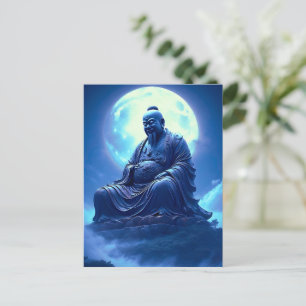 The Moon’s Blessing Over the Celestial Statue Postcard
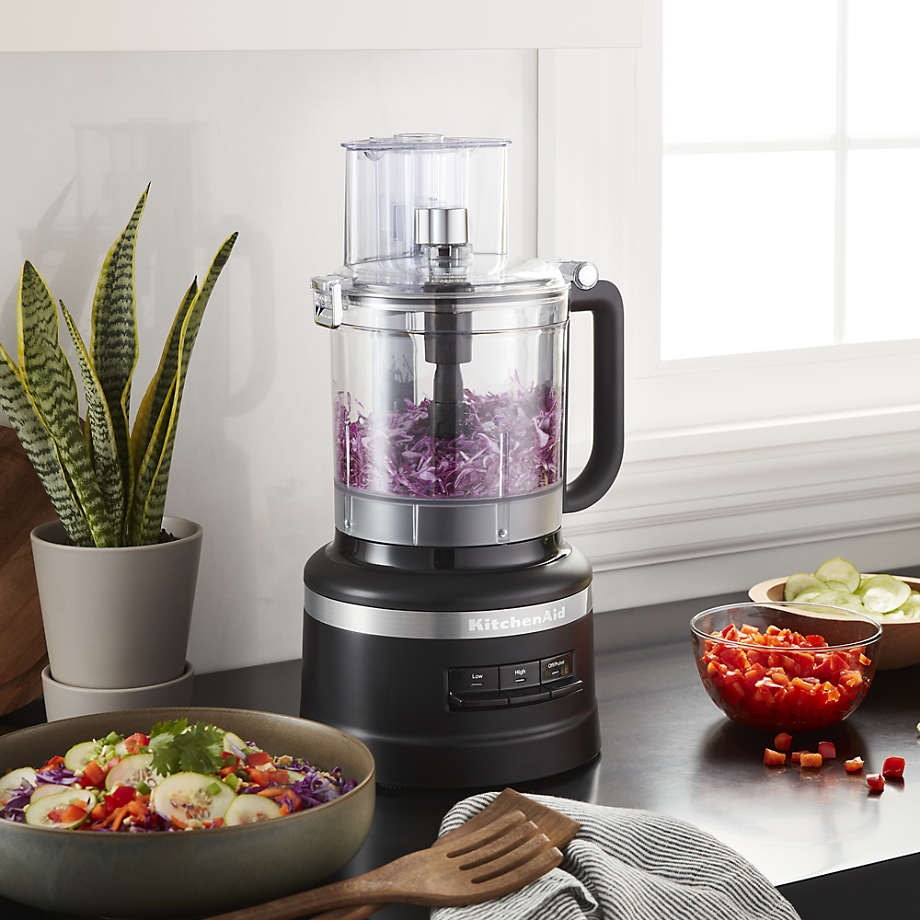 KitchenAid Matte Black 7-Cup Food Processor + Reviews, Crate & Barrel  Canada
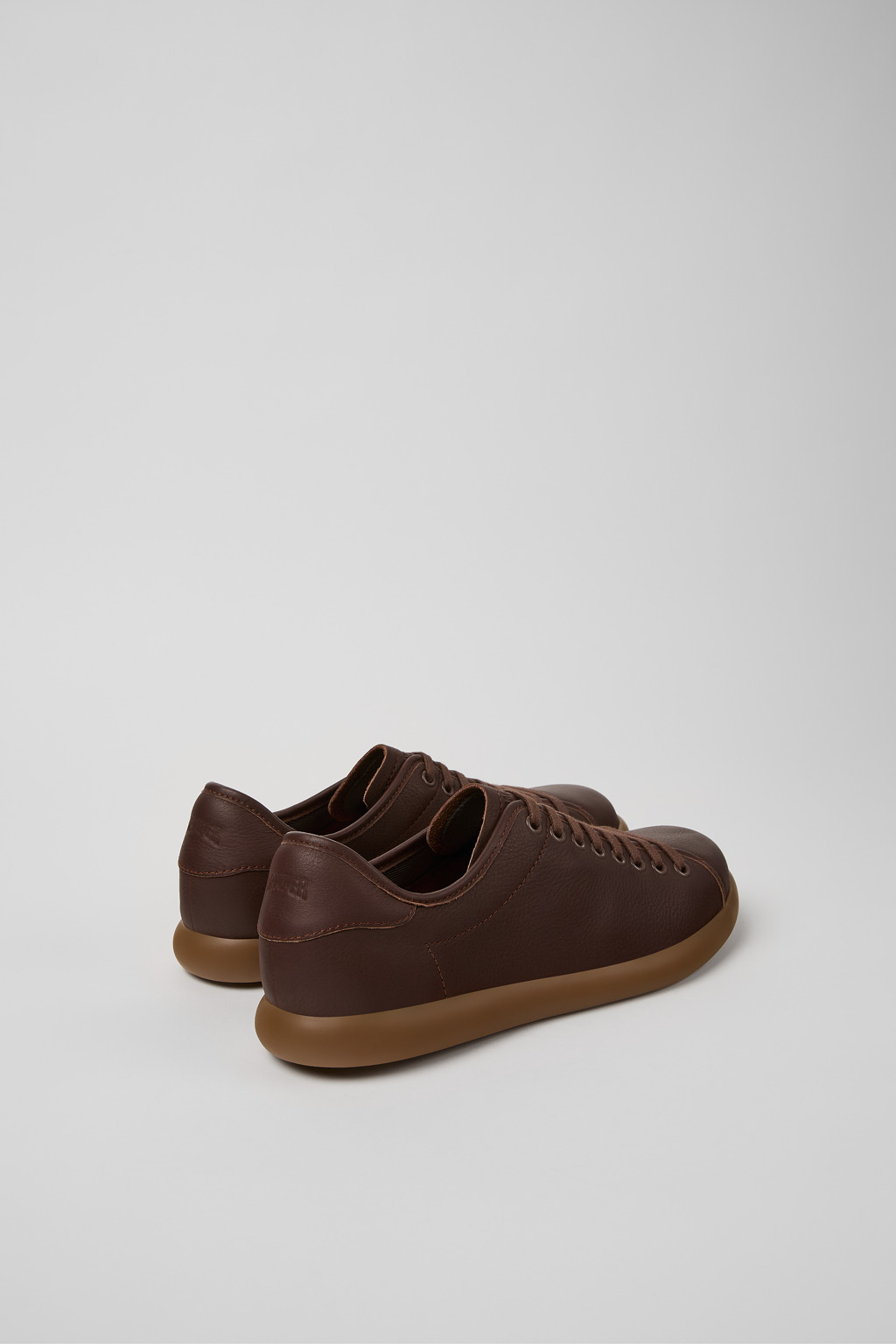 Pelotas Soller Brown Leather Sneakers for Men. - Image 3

•••

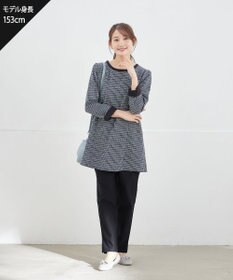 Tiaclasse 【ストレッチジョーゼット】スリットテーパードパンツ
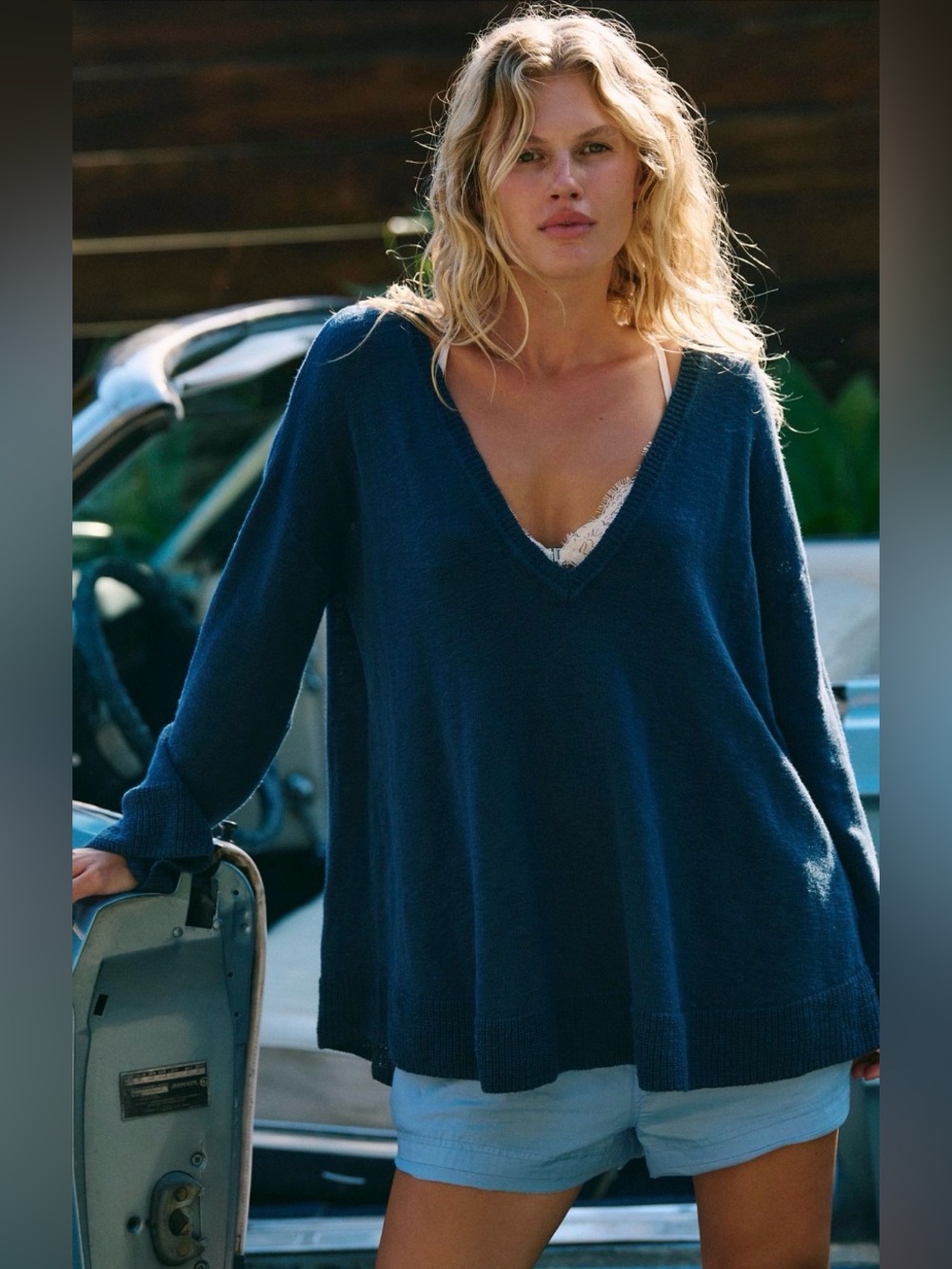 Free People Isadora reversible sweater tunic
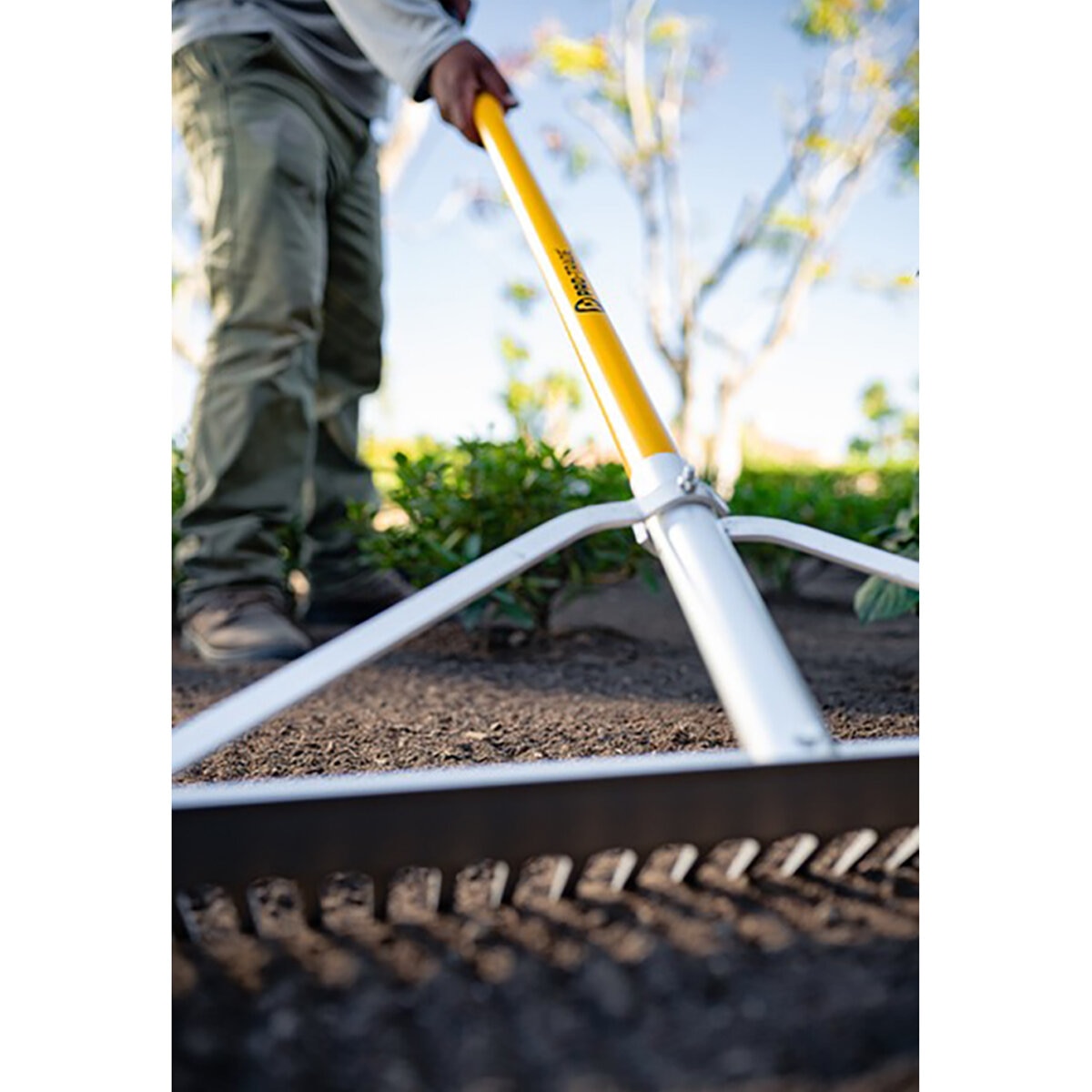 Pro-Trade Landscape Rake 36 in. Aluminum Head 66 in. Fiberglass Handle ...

•••

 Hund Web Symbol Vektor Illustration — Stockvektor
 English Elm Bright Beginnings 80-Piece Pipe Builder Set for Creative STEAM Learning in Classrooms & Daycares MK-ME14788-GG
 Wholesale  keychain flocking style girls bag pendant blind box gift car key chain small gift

•••

## ACTIVITY
Find the line with "KitchenAid Matte Black" and the line with "Pelotas Soller Brown" in the records above. Copy both and all lines between them exactly, without pictures.

## ANSWER SECTION
 KitchenAid Matte Black 7-Cup Food Processor + Reviews, Crate & Barrel  Canada
 Pelotas Soller Brown Leather Sneakers for Men. - Image 3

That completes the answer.